There is a Japanese word called “Ikigai” that is often explained as path to a long, happy, meaningful life. The concept moves beyond the usual, western Baby Boomer advice to “follow your passion,” and instead challenges you to consider the needs and values of others in the world.
To apply Ikigai, you must understand both yourself AND others.
The message “Follow your passion,” is so much simpler, easier and more palatable, it’s typical fodder for pandering commencement speeches.
What this advice ignores is the needs and wants of others. Maybe because “following your passion” is one of the most self-centered things you can do, Ben Horowitz’ 2015 commencement address to the graduating engineers at Columbia University says, “Don’t follow your passion” because it’s a very “me focused idea.”
Terri Trespicio says that the pressure to “follow your passion” is a dangerous idea. She says that “passion is not a plan. It’s a feeling.”
And there are two problems with feelings:
They change. Pete Walker points out that we have lots of different feelings, all at the same time (The Tao of Fully Feeling, 1995).
Feelings can block us from choosing our wantings. There have been many times in my life when I knew I wanted something, but I was either too afraid to ask for it, or too comfortable with what I already had.
The problem with passion, is that derives from feelings. It feels good to think “I’m going to follow my passion, so I can do the things I love!”
But the world does not provide for what you love. The world doesn’t care.
Instead of the self-centered, feel-good trap of following your passion, include in your choices consideration for the needs and goals of others.
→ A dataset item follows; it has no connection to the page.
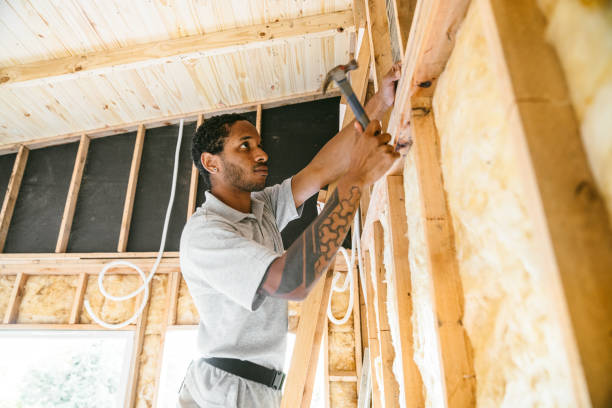 Best Wall Insulation Contractor  in Des Peres, MO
This requires you to empathize — i.e., to seek to understand the world from another’s point of view so that you can experience their drives, understand their frustrations, and provide something valuable to them.
Once you get away from the idea that we all should just be following your own feeling, it allows you to place some of your attention on others, and enlist them as allies in getting a closer approximation of the life you want.